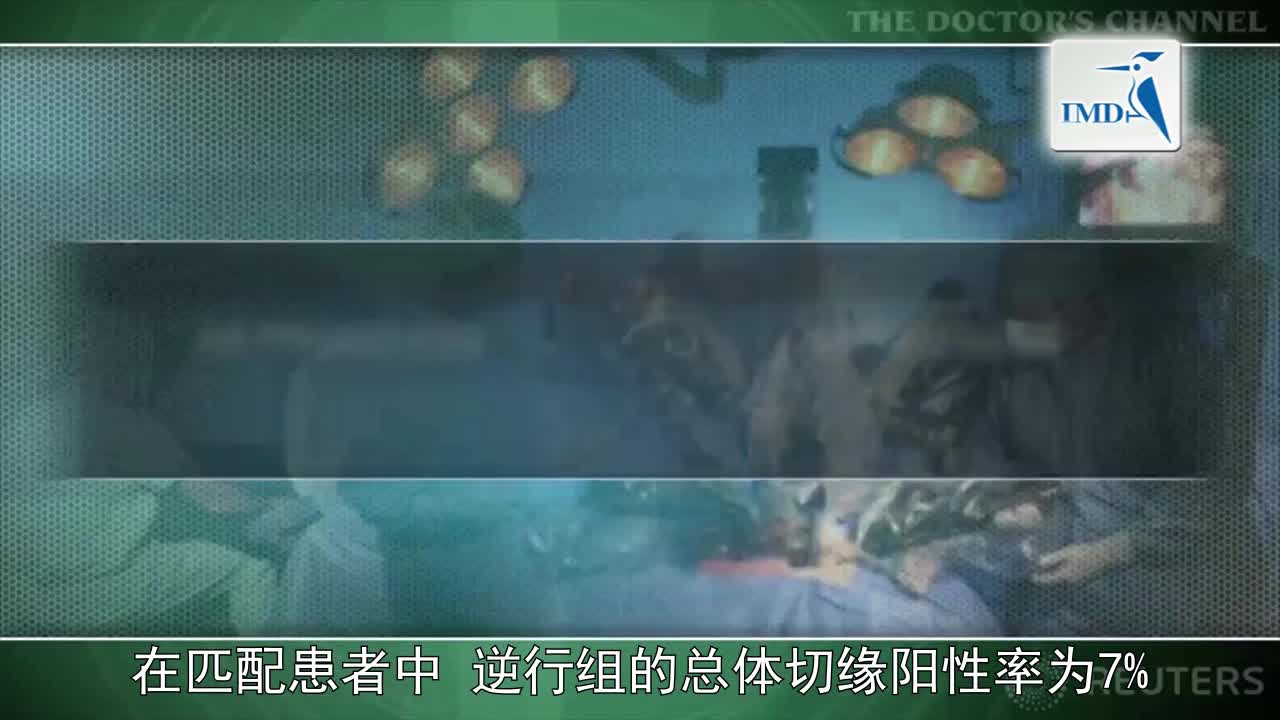 前列腺切除术中逆行神经保留方式可提高性功能恢复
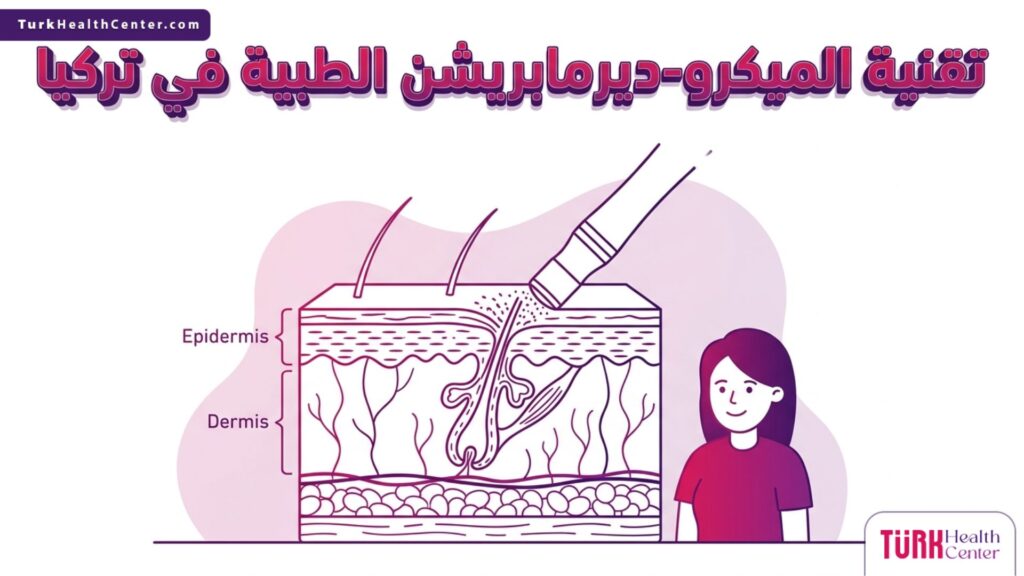 إنفوجرافيك طبي دقيق يشرح طبقات الجلد وكيفية عمل تقنية الميكرو-ديرمابريشن الطبية في تركيا.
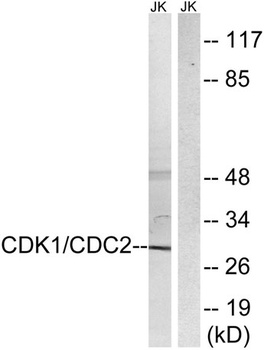 Cdk1/2/3 rabbit pAb Antibody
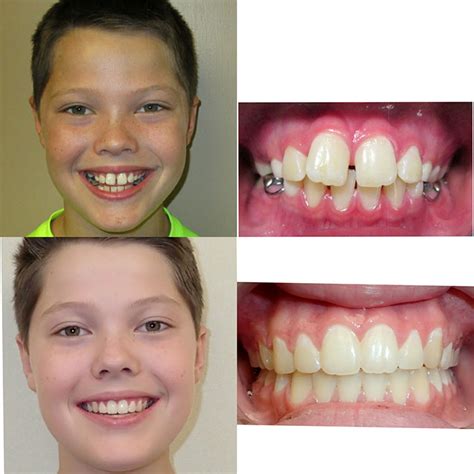 Before & After Braces | Wazio Orthodontics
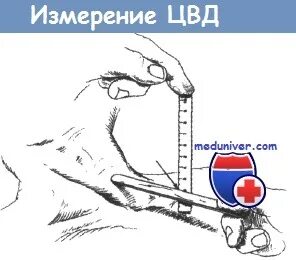Укажите метод измерения венозного давления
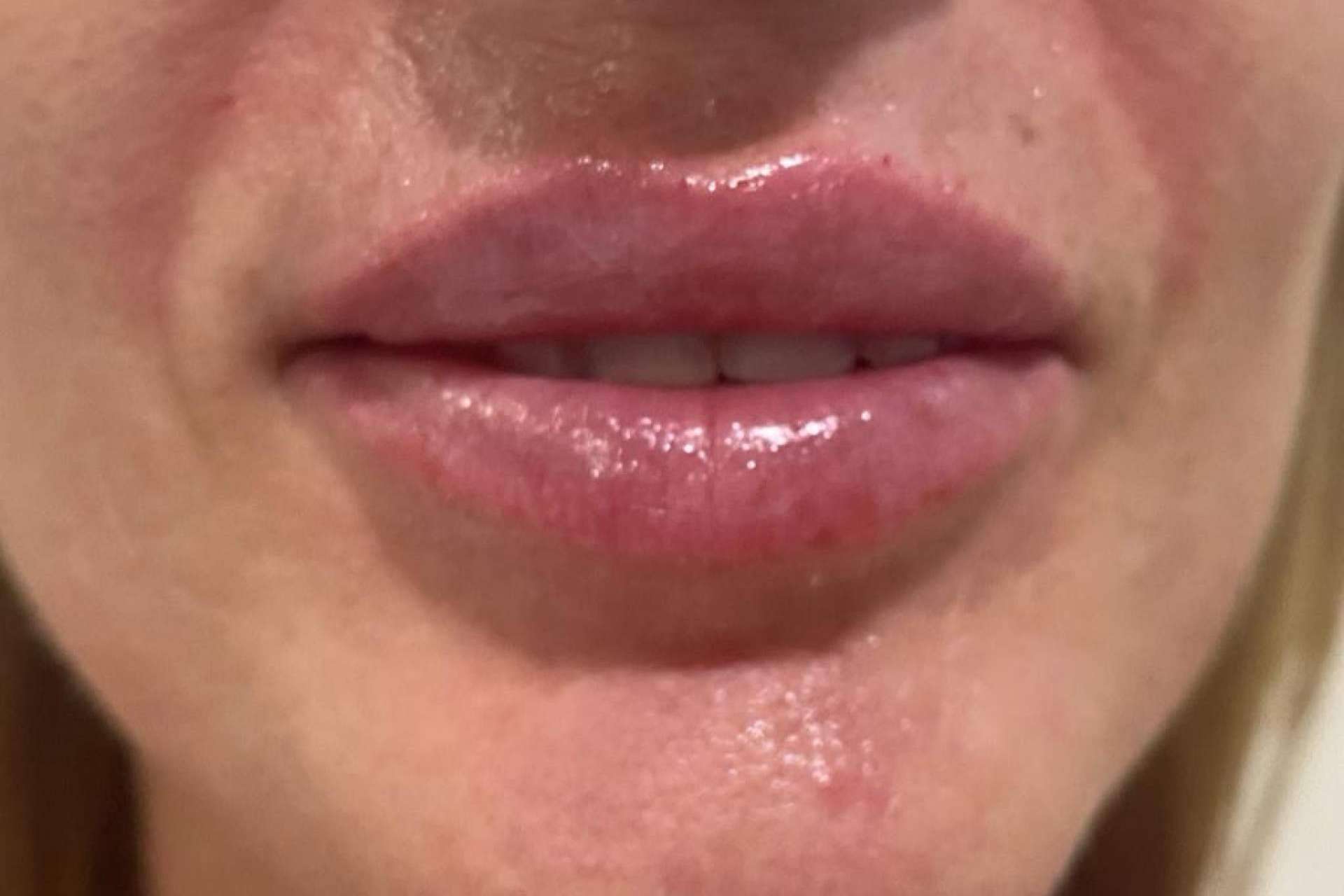Rellenos de ácido hialurónico para la remodelación y aumento de labios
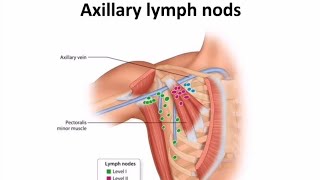 Lymphatic drainage of breast [upl. by Tallia]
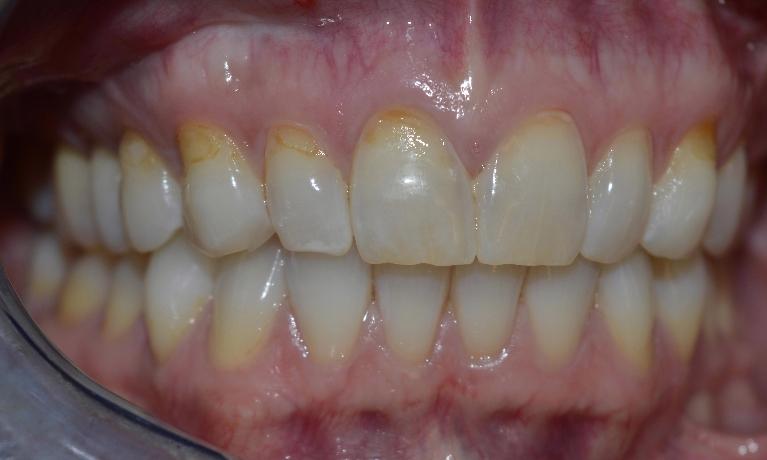 Composite-Tooth-Colored-Fillings-Brighten-Your-Smile-Before-Image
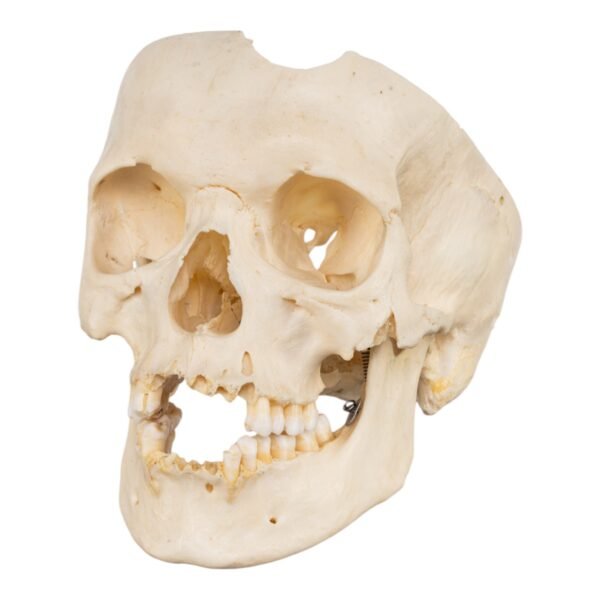 Skull - Partial

(30677) - Image 2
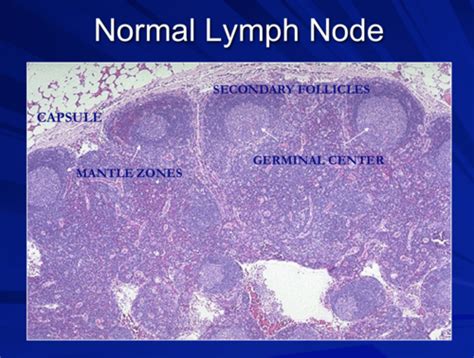 Lecture 12 Non Hodgkins Lymphoma Flashcards Quizlet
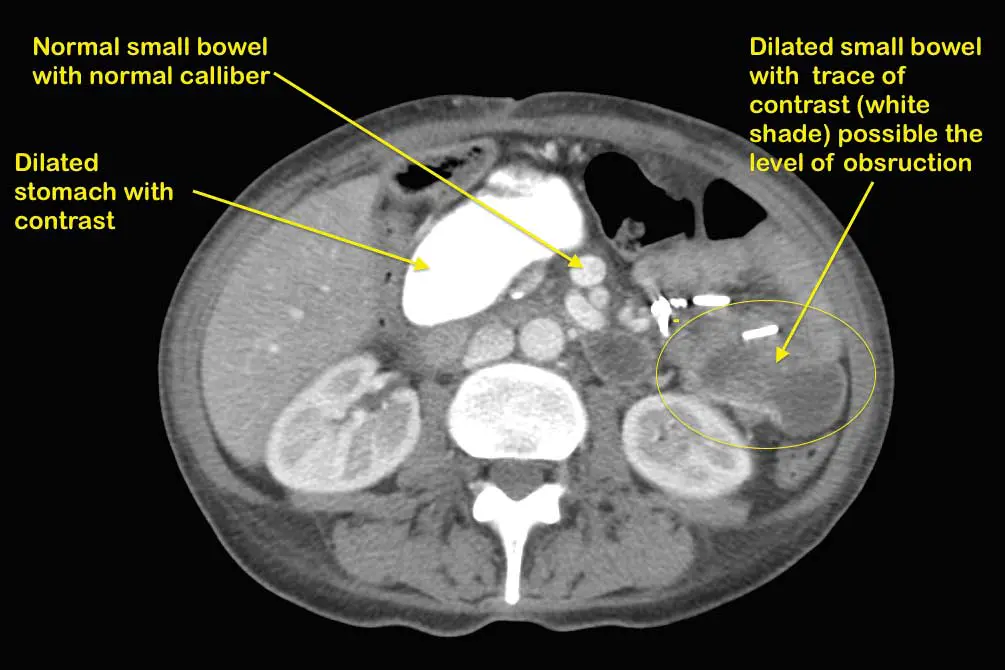 SBO Bowel Obstruction After DS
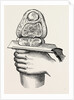 Excision of the knee by Anonymous
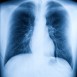 Risk för blodpropp vid autoimmuna sjukdomar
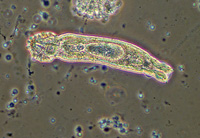 Hautwurm eines Schleierschwanzes unter dem Mikroskop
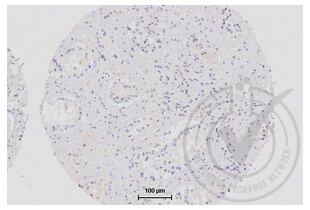 Immunohistochemistry validation image for anti-Tight Junction Protein 1 (TJP1) (AA 1551-1702) antibody (ABIN675024)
**********
Only the lines from the one containing "Skull - Partial" through the end of the listing should be output, word for word and inclusive; keep pictures out.

* [REPLY]:
 Skull - Partial

(30677) - Image 2
 Lecture 12 Non Hodgkins Lymphoma Flashcards Quizlet
 SBO Bowel Obstruction After DS
 Excision of the knee by Anonymous
 Risk för blodpropp vid autoimmuna sjukdomar
 Hautwurm eines Schleierschwanzes unter dem Mikroskop
 Immunohistochemistry validation image for anti-Tight Junction Protein 1 (TJP1) (AA 1551-1702) antibody (ABIN675024)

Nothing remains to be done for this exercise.